多電極アレイを用いた脊髄切片間の機能的接続の再生の研究

多電極アレイ(MEA)を実体顕微鏡下のシャーレに入れます。MEAは、2つの別々のゾーンを持つグリッドに配置された電極で構成されています。

MEAに血漿を一滴加えます。ラット胚から得られた2つの脊髄スライスを、腹側を向かい合わせに配置します。

トロンビン溶液を導入し、血漿と混合し、インキュベートします。トロンビンは血漿凝固を引き起こし、MEA へのスライスの接着を促進する生物学的足場を作成します。

栄養培地を加え、攪拌下でインキュベートし、スライス間の細胞接続の形成を促進し、それらの融合を引き起こします。

実体顕微鏡下で、スライス間の組織接続を切断して病変を導入します。栄養培地を加えてインキュベートします。

インキュベーション中、ニューロンは病変全体で成長してスライスを接続します。

記録チャンバーを使用して、両方の脊髄スライスからの電気的活動を記録し、再生された機能的接続を評価します。

微小電極アレイをコーティングしたペトリ皿を実体顕微鏡下に置きます。アレイに焦点を合わせ、6マイクロリットルのチキンプラズマ液滴を電極アレイの中央に配置します。小さなへらを使用して、腹側を向かい合わせにして 2 つの脊髄切片を血漿液滴に慎重にスライドさせます。

次に、鶏の血漿液滴の周りに8マイクロリットルのトロンビンを加えます。次に、ピペットチップを使用して、鶏の血漿とトロンビンの混合物を注意深く混合し、広げます。鶏の血漿とトロンビンの混合物が粘りすぎて凝固し始める直前に、余分な液体を吸引します。次に、シャーレに蓋をし、加湿チャンバーに入れます。チャンバーを摂氏37度のインキュベーター内に約1時間置きます。

インキュベーション後、10マイクロリットルの栄養培地をサンプルに慎重に加えます。ペトリ皿に蓋をし、さらに45分間インキュベーターに戻します。次に、多電極アレイ培養アセンブリのそれぞれをローラーチューブに入れ、3ミリリットルの栄養培地を加えます。ふたをしっかりと閉め、ローラーチューブをローラードラムに入れます。ドラムを摂氏37度のインキュベーター内で1〜2 RPMで回転させます。

菌ゴム先端鉗子を使用して、多電極アレイ培養アセンブリをローラーチューブから取り外し、実体顕微鏡下でペトリ皿に入れます。組織に焦点を合わせ、2つのスライスが融合していることを確認します。

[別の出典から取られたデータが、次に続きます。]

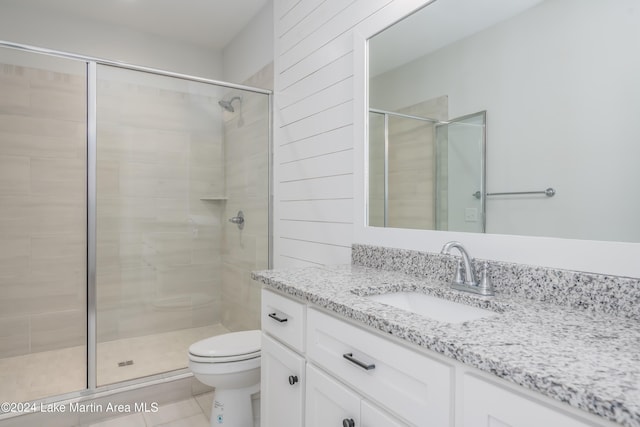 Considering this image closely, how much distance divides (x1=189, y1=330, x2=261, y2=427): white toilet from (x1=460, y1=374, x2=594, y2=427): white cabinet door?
1295mm

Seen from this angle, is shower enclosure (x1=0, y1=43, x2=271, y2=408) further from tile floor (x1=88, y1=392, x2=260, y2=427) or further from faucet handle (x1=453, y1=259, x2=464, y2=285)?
faucet handle (x1=453, y1=259, x2=464, y2=285)

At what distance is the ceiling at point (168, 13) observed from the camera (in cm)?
273

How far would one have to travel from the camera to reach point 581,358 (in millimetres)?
595

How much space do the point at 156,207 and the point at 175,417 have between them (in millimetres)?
1172

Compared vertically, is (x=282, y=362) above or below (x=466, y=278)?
below

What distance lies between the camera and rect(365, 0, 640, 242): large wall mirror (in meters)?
0.91

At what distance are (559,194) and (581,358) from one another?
56 centimetres

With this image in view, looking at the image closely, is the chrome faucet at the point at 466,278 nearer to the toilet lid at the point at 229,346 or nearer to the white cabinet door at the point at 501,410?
the white cabinet door at the point at 501,410

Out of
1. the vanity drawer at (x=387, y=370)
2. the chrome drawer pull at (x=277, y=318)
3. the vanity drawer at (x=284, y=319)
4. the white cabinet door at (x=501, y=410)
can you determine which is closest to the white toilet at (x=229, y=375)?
the vanity drawer at (x=284, y=319)

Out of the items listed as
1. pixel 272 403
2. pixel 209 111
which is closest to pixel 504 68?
pixel 272 403

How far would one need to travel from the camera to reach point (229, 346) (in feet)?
6.14

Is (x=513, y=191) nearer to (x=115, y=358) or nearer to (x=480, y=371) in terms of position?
(x=480, y=371)

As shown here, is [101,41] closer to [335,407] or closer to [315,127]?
[315,127]

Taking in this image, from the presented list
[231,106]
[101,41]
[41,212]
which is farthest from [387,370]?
[101,41] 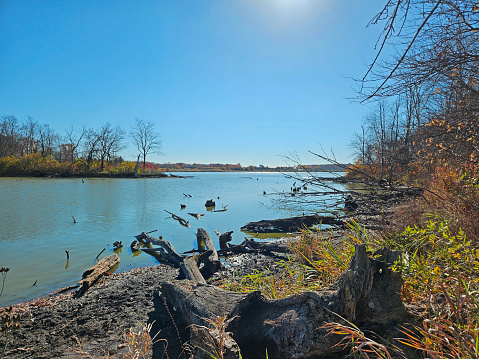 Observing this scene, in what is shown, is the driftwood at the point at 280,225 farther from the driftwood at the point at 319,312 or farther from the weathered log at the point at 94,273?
the driftwood at the point at 319,312

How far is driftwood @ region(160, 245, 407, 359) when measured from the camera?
254 centimetres

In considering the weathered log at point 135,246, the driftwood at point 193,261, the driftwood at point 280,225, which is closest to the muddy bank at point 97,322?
the driftwood at point 193,261

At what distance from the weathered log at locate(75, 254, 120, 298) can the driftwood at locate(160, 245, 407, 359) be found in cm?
434

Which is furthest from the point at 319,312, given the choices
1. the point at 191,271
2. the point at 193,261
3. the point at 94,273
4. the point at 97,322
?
the point at 94,273

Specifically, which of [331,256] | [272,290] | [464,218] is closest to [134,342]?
[272,290]

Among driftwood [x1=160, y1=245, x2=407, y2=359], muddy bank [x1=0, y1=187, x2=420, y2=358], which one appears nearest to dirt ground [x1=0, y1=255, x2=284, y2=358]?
muddy bank [x1=0, y1=187, x2=420, y2=358]

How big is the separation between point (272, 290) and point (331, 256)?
1.29 m

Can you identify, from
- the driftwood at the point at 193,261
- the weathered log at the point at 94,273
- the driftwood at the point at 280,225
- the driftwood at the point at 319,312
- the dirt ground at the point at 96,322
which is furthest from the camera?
the driftwood at the point at 280,225

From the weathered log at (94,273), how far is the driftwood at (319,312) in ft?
14.2

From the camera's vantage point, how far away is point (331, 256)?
15.0ft

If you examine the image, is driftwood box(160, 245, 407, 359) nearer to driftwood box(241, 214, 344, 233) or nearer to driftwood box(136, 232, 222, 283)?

次に、アセンブリを安定させ、組織スライスに近い多電極アレイの溝にメスの刃を置きます。メスをかなり水平に持ち、メスのハンドルを持ち上げますが、メスの刃が根元から先端に転がり、溝を覆う組織を切断するようにメスの刃をアレイの溝に留めます。必要に応じて、25ゲージの針先で残存組織の接続を切断します。溝内の領域でのみ作業し、柔らかいエッジには触れないでください。

多電極アレイ培養アセンブリをローラーチューブに戻し、3ミリリットルの新鮮な栄養培地を培養物に加えます。次に、ローラーチューブを摂氏37度のインキュベーター内のローラードラムに戻します。

多電極アレイ培養アセンブリを記録チャンバーに取り付け、約500マイクロリットルの細胞外溶液をアレイに適用します。次に、アセンブリを顕微鏡に取り付けます。システムが安定するまで10分間待ってから、各活動検出電極からの基本的な自発活動を10分間記録します。